The Nazis also targeted other minority groups using early legislation. Disabled people were subjected to Eugenics policies because they were deemed Lebensunwertes (unworthy of life), leading to 400,000 forced sterilisations. Roma and Sinti people were persecuted under the Nuremberg Laws, while approximately 22,000 homosexuals were imprisoned between 1936 and 1938.
Why would a single assassination in Paris trigger nationwide destruction across Germany? On 7 November 1938, a Polish Jewish teenager named Herschel Grynszpan assassinated German diplomat Ernst vom Rath. The Nazi government used this as a pretext to launch a massive, state-sponsored Pogrom known as Kristallnacht (the Night of Broken Glass) on 9–10 November.
Joseph Goebbels claimed the violence was a spontaneous public reaction, but it was highly coordinated. A "Most Urgent" telegram from Reinhard Heydrich specifically ordered police not to intervene, and fire brigades were instructed to only protect "German" property. SA and SS members frequently wore plain clothes to blend in and create the illusion of a civilian riot.
The human and economic cost was devastating. Over 90 Jewish people were murdered, while up to 400 synagogues and 8,000 businesses were destroyed or looted. In the aftermath, the state accelerated Aryanisation by forcing Jewish owners to hand over their property and imposing a massive 1 billion Reichsmarks "Atonement Tax" on the Jewish community.
Kristallnacht marked a major turning point towards physical elimination. Between 20,000 and 30,000 Jewish men were arrested simply for their race and sent to concentration camps like Dachau and Buchenwald. Shortly after, Jewish children were entirely expelled from state schools, and adults were forced to stamp their passports with a red "J".

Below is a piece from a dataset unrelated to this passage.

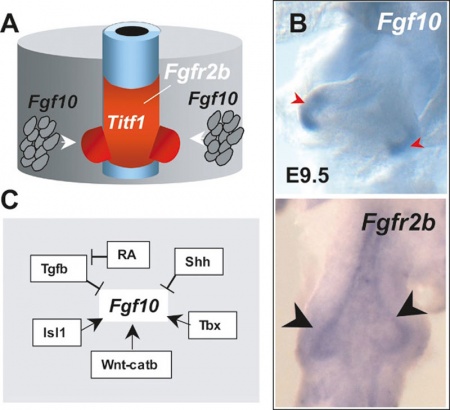 Developmental Signals - Fibroblast Growth Factor - Embryology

When the Nazis invaded Poland in 1939, they suddenly gained control over three million Jewish people, forcing a rapid shift in their racial policies. Unable to deport everyone immediately, they used the central Polish region (the General Government) as a racial dumping ground. They began forcing Jewish populations into walled-off urban enclosures known as a Ghetto.
The first major industrial ghetto was established in Łódź in February 1940, where residents were heavily exploited to manufacture Wehrmacht uniforms. The largest was the Warsaw Ghetto, sealed in November 1940. It crammed nearly 490,000 people—30% of the entire city's population—into just 2.4% of the city's land area.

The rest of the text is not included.